Records from a collection:
--- START ---

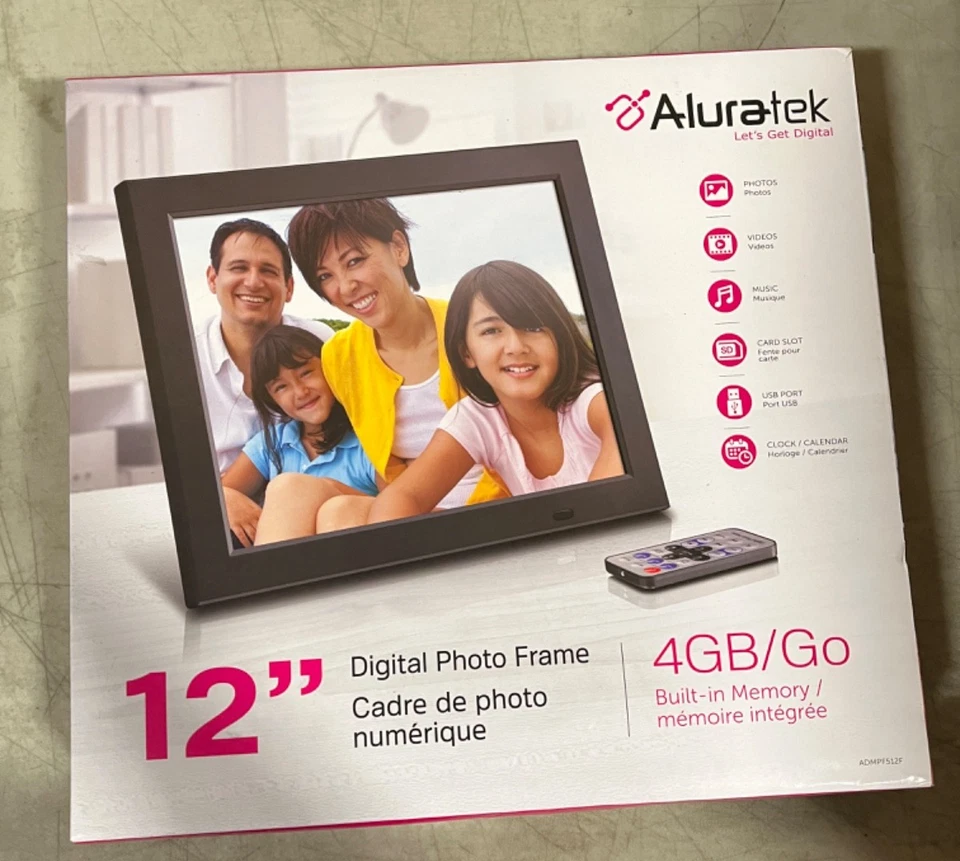 Aluratek ADMPF512F 12" Digital Picture Frame - Image 1 of 2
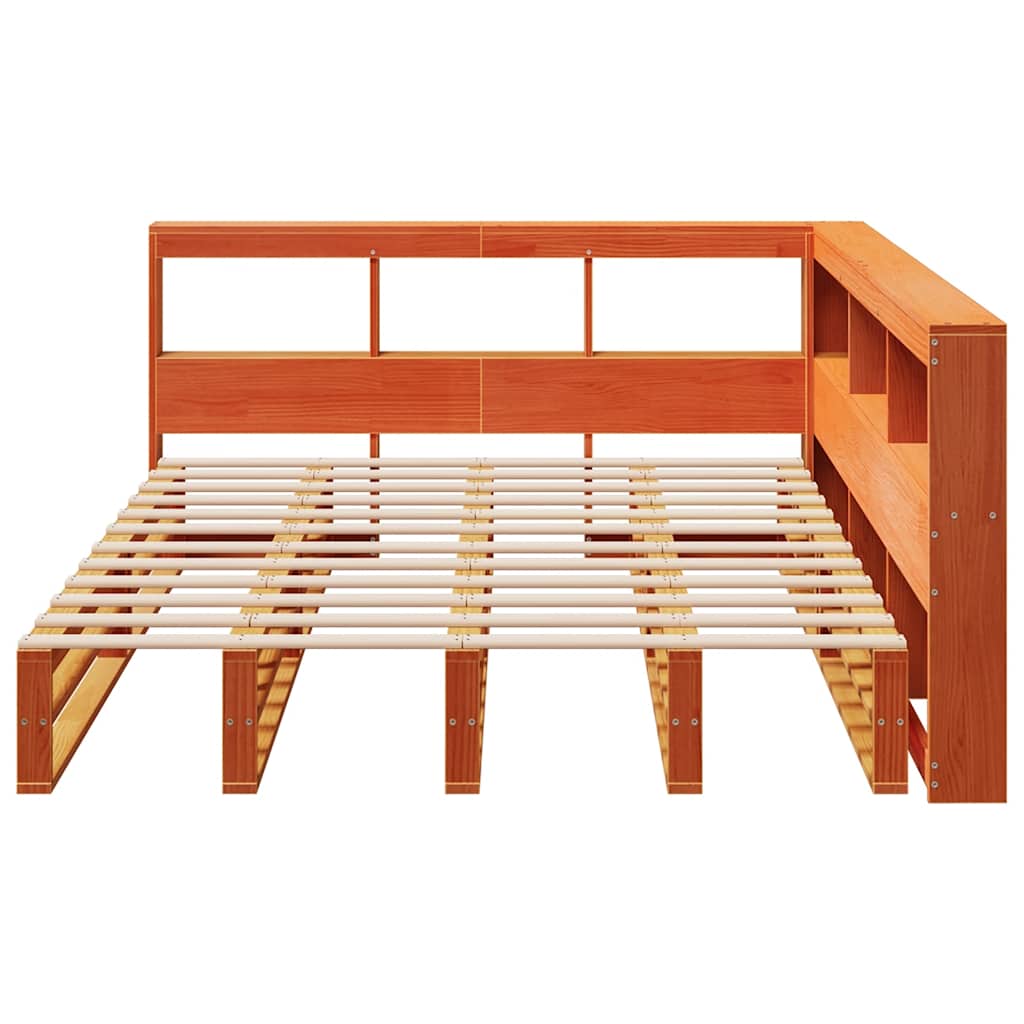 Bookcase Bed Without Mattress Wax Brown 160X200Cm Solid Wood Pine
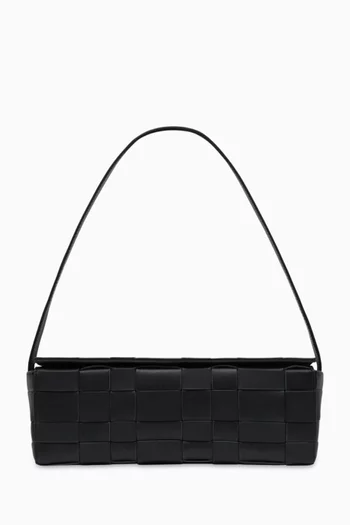 East West Shoulder Bag in Woven Leather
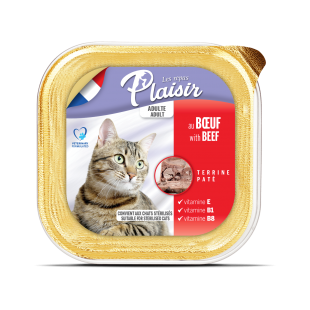 Plaisir cat vanička s hovězím 100 g – pro kastrované kočky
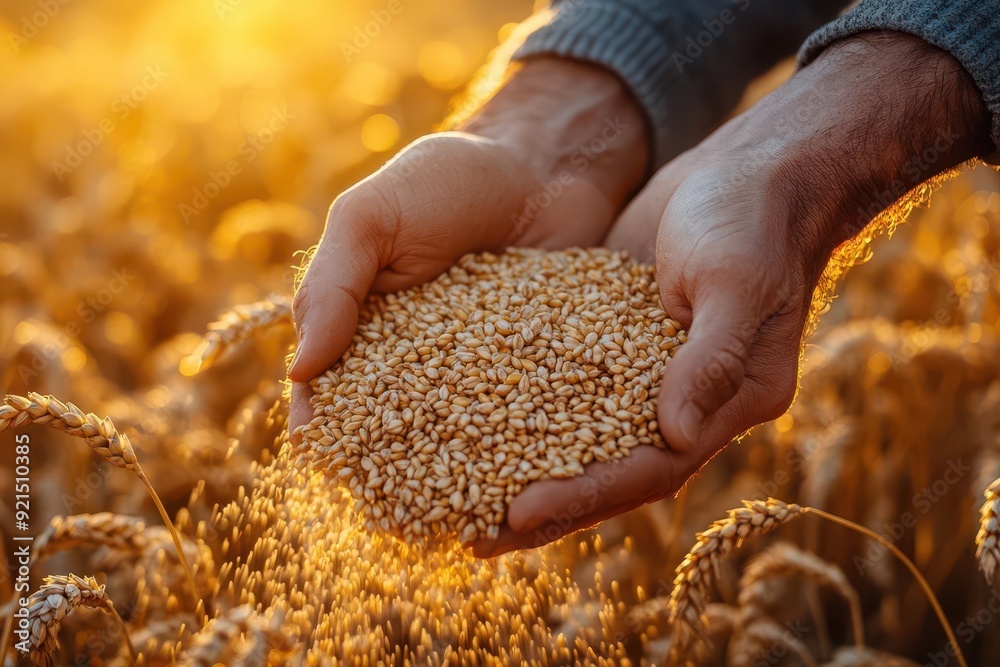 weathered hands of a farmer pouring golden wheat grains at sunset symbolizing harvest hard work and the connection between humans and the land weathered hands of a farmer pouring golden wheat grains at sunset symbolizing harvest hard work and the connection between humans and the land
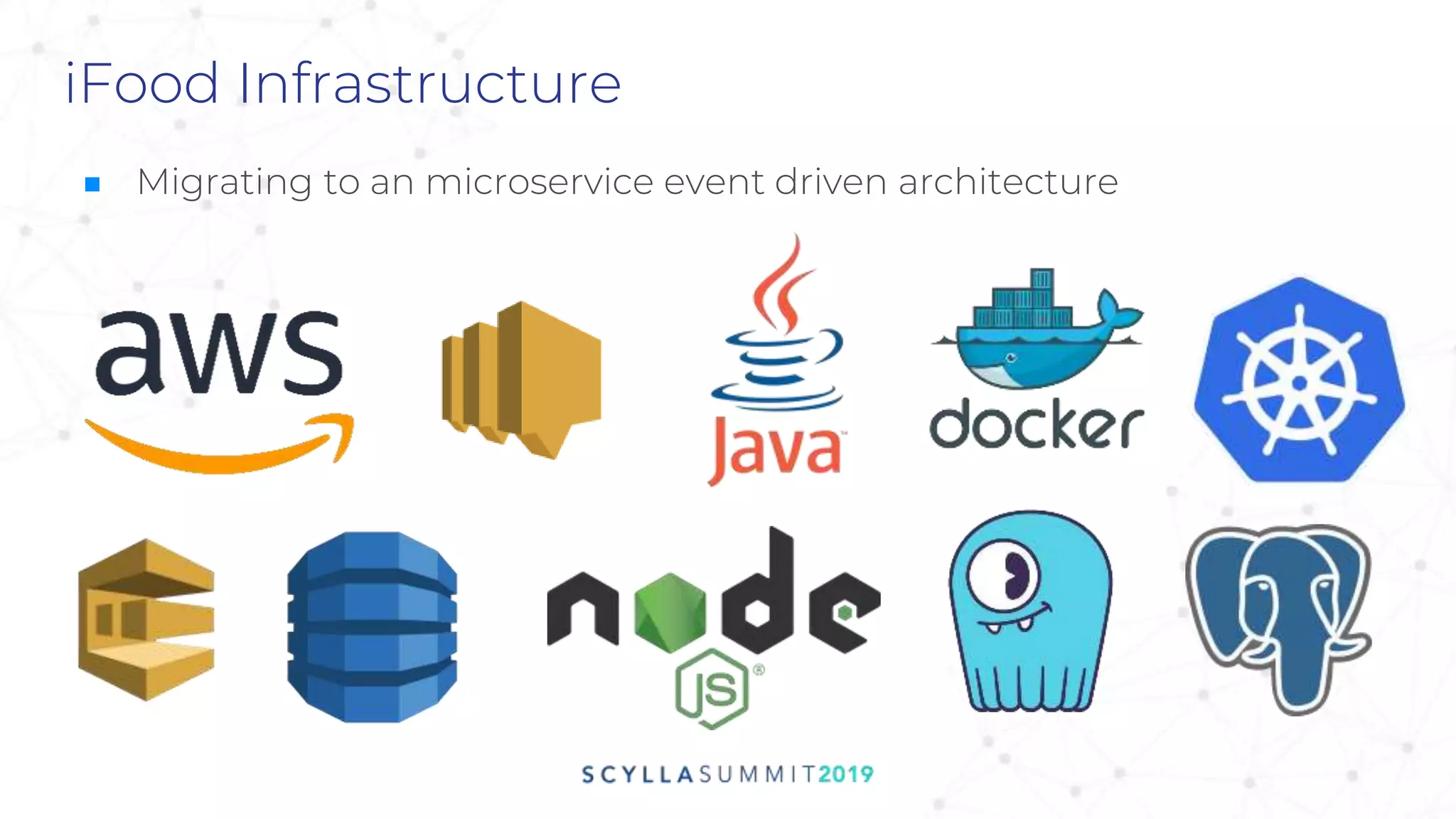 iFood Infrastructure
■ Migrating to an microservice event driven architecture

--- END ---

DIRECTIONS: With pictures excluded, the data must be transcribed in full and to the letter.

TASK RESPONSE:
 Aluratek ADMPF512F 12" Digital Picture Frame - Image 1 of 2
 Bookcase Bed Without Mattress Wax Brown 160X200Cm Solid Wood Pine
 East West Shoulder Bag in Woven Leather
 Plaisir cat vanička s hovězím 100 g – pro kastrované kočky
 weathered hands of a farmer pouring golden wheat grains at sunset symbolizing harvest hard work and the connection between humans and the land weathered hands of a farmer pouring golden wheat grains at sunset symbolizing harvest hard work and the connection between humans and the land
 iFood Infrastructure
■ Migrating to an microservice event driven architecture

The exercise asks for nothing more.